Aqui não se falou ainda em demissões. Não estamos pensando nisso por enquanto, não passa pelo nosso escopo. O que estamos fazendo é o início de negociações com sindicatos, tentando juntar programas do governo que possam ajudar. A ideia é que a gente consiga flexibilizar horários e, eventualmente, redução parcial de salários, para que a gente não tenha de pensar em demissões. A questão de demitir, no nosso radar, seria a última instância, mas esperamos não ter de chegar a isso. Vamos tentar todas as outras possibilidades antes.
O que está acontecendo no sistema bancário é o que costuma acontecer em todas as crises. Os bancos se retraem, e a maior defesa deles é o aumento nas taxas. O que o governo precisa fazer é botar para funcionar os bancos estatais.
JAMES BELLINI
CEO da Marcopolo
Quais são os principais conselhos que o senhor daria para outros empresários neste momento?
A primeira coisa é enxugar custos. Isso tem de ser feito de maneira imediata e eficiente. É preciso estancar a saída de caixa, porque o faturamento caiu muito para todo mundo. A partir do momento em que o ingresso de recursos é mínimo, obviamente tem de haver compensação com gastos. Em relação a demissões, minha sugestão é procurar evitá-las, na medida do possível.
A ideia é buscar renegociações, tentar conversar com as pessoas e negociar outras questões que não sejam a de demissões. Uma coisa é certa: a crise está aí, é complicada, mas passará. A partir disso, minha expectativa é de que a retomada dos negócios seja tão forte quanto a queda. Ao analisar a repercussão de crises na bolsa de valores, você perceberá que, quando as quedas foram drásticas, as retomadas também foram fortes. É bom estar preparado e, de preferência, com sua força de trabalho preservada, porque será necessário ter bastante gente para retomar o nível normal de atividade.
As medidas anunciadas pelo Ministério da Economia são suficientes para minimizar os efeitos da paralisação causada pelo coronavírus?
Não são suficientes. O governo terá de trabalhar fortemente no pacote de medidas. Entendo que ainda estão um pouco tímidas. Mas tenho fé, acredito muito no Guedes (Paulo, ministro da Economia). Ele está super envolvido na missão de ajudar a economia a se manter. Isso vai ser muito importante, é o comandante da área econômica. Acho que virão novas coisas. Estamos acompanhando o dia a dia. O mais urgente seria o acesso a linhas de crédito de longo prazo, com boa carência, para incentivar o mercado a continuar investindo nos negócios.
Empresários têm feito queixas relacionadas ao alto nível das taxas de juro no país.

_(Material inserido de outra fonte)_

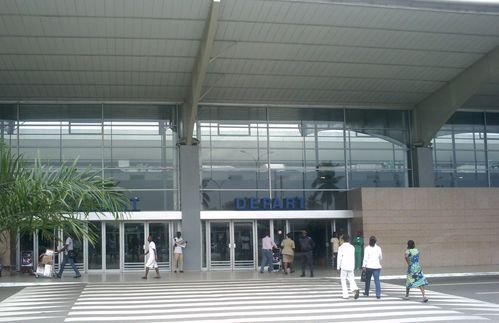 l-aeroport-Abidjan.jpg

O que está acontecendo no sistema bancário é o que costuma acontecer em todas as crises. Os bancos se retraem, e a maior defesa deles é o aumento nas taxas, embutindo o risco mais elevado. O que o governo precisa fazer é botar para funcionar os bancos estatais. Em bancos do setor privado, não acredito que teremos respostas para ajudar a economia. Pelo contrário, acho que vai piorar cada vez mais. Este é o momento em que as empresas estão muito preocupadas com sua própria saúde financeira. Mas muita gente também está precisando de ajuda.
Como as empresas podem contribuir?
Acho que é nosso papel contribuir. Na sua comunidade, com a quantidade de recursos possível, o empresário tem o papel de ajudar as pessoas. Não podemos esquecer que tem muita gente perdendo emprego, tem muita gente que está ficando em casa. São profissionais liberais que não conseguem exercer suas atividades. Fizemos doações para entidades assistenciais. Uma grande preocupação nossa é contribuir para que o sistema de saúde não entre em colapso. Temos procurado doar equipamentos. Já repassamos em torno de 900 máscaras, além de óculos de proteção. Estamos criando parceria com a UCS (Universidade de Caxias do Sul) para projeto de fabricação de respiradores artificiais. Já doamos mais de duas toneladas de alimentos a entidades. Entendo que esse seja um papel importante das empresas. É parte de nossa obrigação evitar caos ainda maior.